Castilla y León registra un aumento del 5% en exportaciones hasta abril, el cuarto mejor dato nacional
Entre enero y abril de 2026, las exportaciones de Castilla y León alcanzaron los 7.222,2 millones de euros, lo que representa un incremento del 5,0% respecto al mismo periodo del año anterior. Este crecimiento sitúa a la región en el cuarto puesto del ranking nacional en términos de incremento porcentual, con una participación del 5,5% en el total de exportaciones españolas, que sumaron 130.894 millones.
Este comportamiento se enmarca en un contexto de recuperación del comercio exterior, tras años marcados por la ralentización y desafíos globales. La balanza comercial regional mantiene un superávit de 1.823 millones, aunque con desequilibrios en provincias como Ávila y Palencia, que registran déficits. Valladolid lidera el superávit provincial, con más de mil millones de euros.
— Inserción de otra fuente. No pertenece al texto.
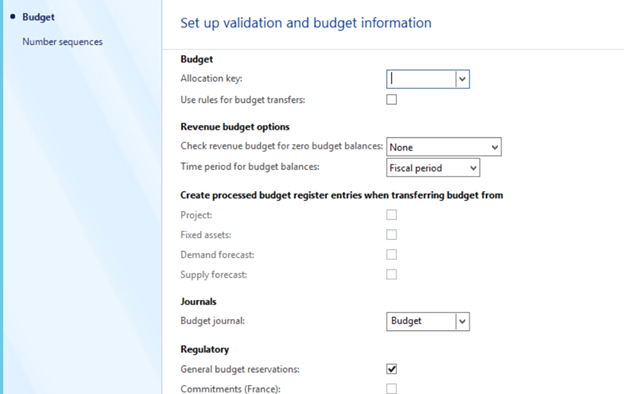Set up validation and budget information.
El aumento de las exportaciones en sectores clave, como el automotor —que creció un 10,9%— y las semimanufacturas no químicas, explica en parte la tendencia positiva. Sin embargo, las importaciones cayeron un 3,9%, principalmente en automoción y alimentos, lo que contribuye a mantener un saldo favorable. La región muestra una diversificación en sus mercados y productos, aunque aún enfrenta retos en ciertos sectores.
En el análisis mensual, las exportaciones de abril crecieron un 4,1%, por debajo de la media nacional del 5,8%. La estabilidad en las importaciones, que se mantuvieron en niveles similares al año anterior, consolidan un superávit de 462,7 millones en ese mes. Estas cifras reflejan una estrategia de crecimiento que busca fortalecer la competitividad regional en mercados internacionales.
Desde un enfoque político, estos datos evidencian el impacto de las políticas económicas regionales y nacionales destinadas a potenciar la internacionalización de las empresas. La comunidad autónoma continúa trabajando en la facilitación de exportaciones, aunque la situación global y las tensiones comerciales siguen siendo factores de incertidumbre. La tendencia positiva puede considerarse un indicador de resiliencia del tejido empresarial regional.
De cara al futuro, el incremento en el volumen y valor de las exportaciones refuerza la importancia de la apertura internacional para Castilla y León. La región, con su diversificación sectorial, busca consolidar estos avances y afrontar los desafíos que puedan derivarse de las fluctuaciones económicas globales y las políticas comerciales internacionales.